Divided into three parts, the Companion takes both a theoretical and practical approach to a field that is emerging as a prominent area of study. Animals and the Practice of History considers established practices of history, such as political history, public history and cultural memory, and how animal-human history can contribute to them. Problems and Paradigms identifies key historiographical issues to the field with contributors considering the challenges posed by topics such as agency, literature, art and emotional attachment. The final section, Themes and Provocations, looks at larger themes within the history of animal-human relationships in more depth, with contributions covering topics that include breeding, war, hunting and eating.
As it is increasingly recognised that nonhuman actors have contributed to the making of history, The Routledge Companion to Animal-Human History provides a timely and important contribution to the scholarship on animal-human history and surrounding debates.
Hilda Kean was Dean of Ruskin College, Oxford.
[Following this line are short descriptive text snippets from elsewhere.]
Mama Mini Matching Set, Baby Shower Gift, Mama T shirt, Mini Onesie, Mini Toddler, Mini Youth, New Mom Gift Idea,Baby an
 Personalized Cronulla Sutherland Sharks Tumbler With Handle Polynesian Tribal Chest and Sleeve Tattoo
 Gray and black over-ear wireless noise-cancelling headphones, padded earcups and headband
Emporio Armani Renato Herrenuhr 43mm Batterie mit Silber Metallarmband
Her many books include The Great Cat and Dog Massacre: The Real Story of the World War 11’s Unknown Tragedy (2017); Animal Rights: Political and Social Change in Britain since 1800 (1998); The Public History Reader (with Paul Martin, 2013).
Philip Howell is Reader in Historical Geography at the University of Cambridge. He is the author of Geographies of Regulation: Policing Prostitution in Nineteenth- Century Britain and the Empire (2009) and At Home and Astray: The Domestic Dog in Victorian Britain (2015).